Saved entries

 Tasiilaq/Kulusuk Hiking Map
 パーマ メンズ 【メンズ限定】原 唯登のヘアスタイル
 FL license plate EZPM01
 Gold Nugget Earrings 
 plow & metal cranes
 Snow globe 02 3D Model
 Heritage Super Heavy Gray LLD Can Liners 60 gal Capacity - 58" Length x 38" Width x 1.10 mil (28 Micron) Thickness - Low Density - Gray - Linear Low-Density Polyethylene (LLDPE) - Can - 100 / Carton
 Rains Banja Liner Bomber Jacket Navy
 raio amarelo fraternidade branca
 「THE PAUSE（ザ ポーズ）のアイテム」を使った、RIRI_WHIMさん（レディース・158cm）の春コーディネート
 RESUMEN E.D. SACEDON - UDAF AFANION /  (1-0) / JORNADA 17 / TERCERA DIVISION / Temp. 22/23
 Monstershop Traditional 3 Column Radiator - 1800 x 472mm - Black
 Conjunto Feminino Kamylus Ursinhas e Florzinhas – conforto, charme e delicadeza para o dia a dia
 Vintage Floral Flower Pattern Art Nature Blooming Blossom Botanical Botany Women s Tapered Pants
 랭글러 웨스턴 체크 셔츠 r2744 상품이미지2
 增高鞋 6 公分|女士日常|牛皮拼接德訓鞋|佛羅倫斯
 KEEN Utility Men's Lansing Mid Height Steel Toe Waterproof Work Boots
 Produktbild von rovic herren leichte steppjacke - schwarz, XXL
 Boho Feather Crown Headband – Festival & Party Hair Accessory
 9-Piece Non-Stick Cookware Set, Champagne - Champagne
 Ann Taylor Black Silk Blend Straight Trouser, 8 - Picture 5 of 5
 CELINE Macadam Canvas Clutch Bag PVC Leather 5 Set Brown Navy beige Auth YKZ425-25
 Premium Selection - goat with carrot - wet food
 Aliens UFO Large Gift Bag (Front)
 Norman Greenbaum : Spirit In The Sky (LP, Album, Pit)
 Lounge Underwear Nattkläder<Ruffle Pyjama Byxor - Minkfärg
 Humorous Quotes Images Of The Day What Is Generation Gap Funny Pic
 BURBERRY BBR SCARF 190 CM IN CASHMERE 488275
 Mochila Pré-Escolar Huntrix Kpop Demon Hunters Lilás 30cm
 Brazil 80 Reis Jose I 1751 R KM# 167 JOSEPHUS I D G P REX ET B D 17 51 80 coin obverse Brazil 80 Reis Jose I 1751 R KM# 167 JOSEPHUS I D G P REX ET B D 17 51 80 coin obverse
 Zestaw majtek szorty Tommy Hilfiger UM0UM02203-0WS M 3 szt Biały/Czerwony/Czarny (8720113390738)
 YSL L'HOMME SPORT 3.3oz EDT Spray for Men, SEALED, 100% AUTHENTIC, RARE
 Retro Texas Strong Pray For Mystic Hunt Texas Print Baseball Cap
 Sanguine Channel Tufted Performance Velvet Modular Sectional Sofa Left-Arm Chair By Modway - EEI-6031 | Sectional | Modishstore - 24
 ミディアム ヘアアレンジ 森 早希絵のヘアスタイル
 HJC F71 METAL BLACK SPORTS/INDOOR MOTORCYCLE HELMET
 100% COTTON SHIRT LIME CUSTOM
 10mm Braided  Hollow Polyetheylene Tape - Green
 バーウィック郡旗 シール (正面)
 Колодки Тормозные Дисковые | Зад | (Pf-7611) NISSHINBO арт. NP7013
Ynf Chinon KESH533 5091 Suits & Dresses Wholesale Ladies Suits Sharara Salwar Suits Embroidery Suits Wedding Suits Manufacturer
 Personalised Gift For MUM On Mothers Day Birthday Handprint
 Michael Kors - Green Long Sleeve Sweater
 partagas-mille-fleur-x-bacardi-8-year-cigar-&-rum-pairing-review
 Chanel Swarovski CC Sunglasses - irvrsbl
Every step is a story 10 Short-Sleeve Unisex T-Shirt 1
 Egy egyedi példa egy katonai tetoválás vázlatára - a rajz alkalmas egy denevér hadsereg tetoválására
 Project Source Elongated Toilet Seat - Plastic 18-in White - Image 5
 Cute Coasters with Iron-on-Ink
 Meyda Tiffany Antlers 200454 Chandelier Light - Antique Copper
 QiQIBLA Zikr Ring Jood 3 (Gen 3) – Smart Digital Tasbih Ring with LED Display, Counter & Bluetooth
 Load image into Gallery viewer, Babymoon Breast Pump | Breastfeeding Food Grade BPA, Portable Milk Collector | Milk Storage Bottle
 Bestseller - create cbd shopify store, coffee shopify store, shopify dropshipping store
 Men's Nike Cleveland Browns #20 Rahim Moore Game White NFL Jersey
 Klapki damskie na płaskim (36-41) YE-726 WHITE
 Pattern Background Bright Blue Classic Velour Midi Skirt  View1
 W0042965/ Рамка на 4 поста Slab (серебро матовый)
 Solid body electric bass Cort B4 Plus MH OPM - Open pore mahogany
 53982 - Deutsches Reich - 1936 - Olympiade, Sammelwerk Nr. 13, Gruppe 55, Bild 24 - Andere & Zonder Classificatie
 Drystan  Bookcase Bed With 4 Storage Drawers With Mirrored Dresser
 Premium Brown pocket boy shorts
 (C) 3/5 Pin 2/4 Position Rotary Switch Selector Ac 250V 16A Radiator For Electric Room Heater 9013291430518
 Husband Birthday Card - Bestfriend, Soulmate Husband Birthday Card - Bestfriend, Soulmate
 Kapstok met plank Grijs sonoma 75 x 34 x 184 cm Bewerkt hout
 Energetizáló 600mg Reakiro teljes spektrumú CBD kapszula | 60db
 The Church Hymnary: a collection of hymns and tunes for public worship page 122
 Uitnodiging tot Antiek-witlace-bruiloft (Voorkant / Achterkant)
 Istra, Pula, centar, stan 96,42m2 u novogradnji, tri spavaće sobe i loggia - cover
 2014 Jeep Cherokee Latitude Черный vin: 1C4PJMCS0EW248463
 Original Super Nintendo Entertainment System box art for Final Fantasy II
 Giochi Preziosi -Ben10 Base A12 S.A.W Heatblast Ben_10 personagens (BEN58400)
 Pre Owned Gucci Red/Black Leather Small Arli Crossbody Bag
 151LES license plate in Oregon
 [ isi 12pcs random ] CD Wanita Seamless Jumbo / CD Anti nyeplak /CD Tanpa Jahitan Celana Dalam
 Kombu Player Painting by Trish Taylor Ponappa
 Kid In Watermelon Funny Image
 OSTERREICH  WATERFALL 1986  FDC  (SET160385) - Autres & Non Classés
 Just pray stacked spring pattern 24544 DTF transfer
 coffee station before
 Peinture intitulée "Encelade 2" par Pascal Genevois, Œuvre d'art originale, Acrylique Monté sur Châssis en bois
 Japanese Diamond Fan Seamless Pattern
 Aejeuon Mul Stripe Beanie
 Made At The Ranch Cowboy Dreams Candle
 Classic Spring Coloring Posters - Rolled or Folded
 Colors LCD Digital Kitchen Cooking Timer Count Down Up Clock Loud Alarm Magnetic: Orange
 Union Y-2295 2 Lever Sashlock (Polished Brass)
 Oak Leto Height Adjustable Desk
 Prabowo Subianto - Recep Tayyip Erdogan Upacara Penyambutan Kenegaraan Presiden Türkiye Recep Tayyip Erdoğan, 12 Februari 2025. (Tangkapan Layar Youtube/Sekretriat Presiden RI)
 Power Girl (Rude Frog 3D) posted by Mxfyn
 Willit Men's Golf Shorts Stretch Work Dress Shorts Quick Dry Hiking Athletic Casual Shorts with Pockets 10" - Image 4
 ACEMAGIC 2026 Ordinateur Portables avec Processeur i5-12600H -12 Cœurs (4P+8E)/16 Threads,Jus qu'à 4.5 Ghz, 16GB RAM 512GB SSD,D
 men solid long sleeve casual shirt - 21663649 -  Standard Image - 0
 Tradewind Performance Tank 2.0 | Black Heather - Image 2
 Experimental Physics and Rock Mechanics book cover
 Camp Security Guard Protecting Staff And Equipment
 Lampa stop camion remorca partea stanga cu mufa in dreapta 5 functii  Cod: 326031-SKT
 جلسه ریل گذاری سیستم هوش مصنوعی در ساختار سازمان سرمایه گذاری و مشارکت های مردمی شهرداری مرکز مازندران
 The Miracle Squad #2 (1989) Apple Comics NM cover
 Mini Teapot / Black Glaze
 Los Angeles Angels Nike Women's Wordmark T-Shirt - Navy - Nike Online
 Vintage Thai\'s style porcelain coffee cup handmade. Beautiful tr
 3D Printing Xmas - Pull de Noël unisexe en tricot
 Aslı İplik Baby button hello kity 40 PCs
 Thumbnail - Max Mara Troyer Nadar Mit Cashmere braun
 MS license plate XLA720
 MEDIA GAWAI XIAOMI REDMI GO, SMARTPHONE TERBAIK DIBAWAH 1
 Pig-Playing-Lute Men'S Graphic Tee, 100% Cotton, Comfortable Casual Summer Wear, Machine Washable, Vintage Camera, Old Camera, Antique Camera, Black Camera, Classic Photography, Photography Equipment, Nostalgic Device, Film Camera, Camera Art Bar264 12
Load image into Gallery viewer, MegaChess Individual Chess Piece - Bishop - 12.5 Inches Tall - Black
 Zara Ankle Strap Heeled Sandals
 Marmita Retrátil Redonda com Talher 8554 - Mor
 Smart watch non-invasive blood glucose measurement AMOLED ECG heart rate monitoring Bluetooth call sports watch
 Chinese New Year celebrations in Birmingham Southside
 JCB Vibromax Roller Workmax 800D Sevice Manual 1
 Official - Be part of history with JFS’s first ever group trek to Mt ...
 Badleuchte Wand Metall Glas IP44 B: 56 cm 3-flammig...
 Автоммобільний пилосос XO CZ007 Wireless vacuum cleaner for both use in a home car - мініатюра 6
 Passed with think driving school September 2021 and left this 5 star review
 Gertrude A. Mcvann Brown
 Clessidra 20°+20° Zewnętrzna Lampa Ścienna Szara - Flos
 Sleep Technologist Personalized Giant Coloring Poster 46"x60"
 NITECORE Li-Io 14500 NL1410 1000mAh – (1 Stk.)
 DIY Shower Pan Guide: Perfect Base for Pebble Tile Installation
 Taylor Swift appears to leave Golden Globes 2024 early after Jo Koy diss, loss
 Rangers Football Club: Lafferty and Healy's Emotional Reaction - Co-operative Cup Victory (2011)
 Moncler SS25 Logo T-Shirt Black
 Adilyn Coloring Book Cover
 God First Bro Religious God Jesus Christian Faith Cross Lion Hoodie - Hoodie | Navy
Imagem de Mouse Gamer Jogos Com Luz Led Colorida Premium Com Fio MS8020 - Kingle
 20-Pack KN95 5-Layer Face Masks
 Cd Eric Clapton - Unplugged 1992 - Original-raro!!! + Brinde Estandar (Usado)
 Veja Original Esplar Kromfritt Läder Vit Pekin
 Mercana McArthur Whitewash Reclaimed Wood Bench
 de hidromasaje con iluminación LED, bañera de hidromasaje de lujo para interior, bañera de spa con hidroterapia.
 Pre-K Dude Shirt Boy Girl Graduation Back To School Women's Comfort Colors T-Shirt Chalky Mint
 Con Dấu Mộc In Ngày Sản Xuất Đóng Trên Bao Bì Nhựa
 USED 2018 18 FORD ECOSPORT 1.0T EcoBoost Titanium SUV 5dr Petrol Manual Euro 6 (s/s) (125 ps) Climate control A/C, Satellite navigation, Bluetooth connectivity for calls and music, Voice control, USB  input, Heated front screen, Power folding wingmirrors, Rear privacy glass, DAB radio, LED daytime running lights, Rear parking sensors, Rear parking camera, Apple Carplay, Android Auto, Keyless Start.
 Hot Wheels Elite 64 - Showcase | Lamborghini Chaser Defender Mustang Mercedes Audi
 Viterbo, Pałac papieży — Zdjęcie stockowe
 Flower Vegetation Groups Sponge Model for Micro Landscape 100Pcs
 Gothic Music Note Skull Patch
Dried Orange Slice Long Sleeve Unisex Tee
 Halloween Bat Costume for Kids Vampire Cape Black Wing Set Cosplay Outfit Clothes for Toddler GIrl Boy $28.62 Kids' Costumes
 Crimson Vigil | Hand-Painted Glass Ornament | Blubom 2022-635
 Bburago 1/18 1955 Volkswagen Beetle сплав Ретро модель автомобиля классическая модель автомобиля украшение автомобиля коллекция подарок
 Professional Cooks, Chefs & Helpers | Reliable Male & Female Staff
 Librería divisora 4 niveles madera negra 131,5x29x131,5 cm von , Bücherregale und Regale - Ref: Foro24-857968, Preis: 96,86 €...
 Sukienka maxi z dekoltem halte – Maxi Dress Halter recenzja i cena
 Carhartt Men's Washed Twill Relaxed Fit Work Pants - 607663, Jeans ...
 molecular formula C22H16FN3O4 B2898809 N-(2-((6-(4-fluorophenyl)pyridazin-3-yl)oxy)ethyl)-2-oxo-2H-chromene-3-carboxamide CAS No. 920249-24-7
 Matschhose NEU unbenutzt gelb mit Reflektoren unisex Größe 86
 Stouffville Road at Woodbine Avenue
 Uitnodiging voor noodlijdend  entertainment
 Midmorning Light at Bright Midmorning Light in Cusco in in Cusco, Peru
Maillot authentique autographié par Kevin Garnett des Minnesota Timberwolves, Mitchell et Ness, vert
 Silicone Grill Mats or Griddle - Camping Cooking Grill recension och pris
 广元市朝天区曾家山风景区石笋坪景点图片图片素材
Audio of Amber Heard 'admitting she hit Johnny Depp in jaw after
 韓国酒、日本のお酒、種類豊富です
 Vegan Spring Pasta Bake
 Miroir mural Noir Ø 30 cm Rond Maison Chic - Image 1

* **Requirement**: Among the records above, find each line holding "Bright" and list it.

* **Completed exercise**:
 Pattern Background Bright Blue Classic Velour Midi Skirt  View1
 Midmorning Light at Bright Midmorning Light in Cusco in in Cusco, Peru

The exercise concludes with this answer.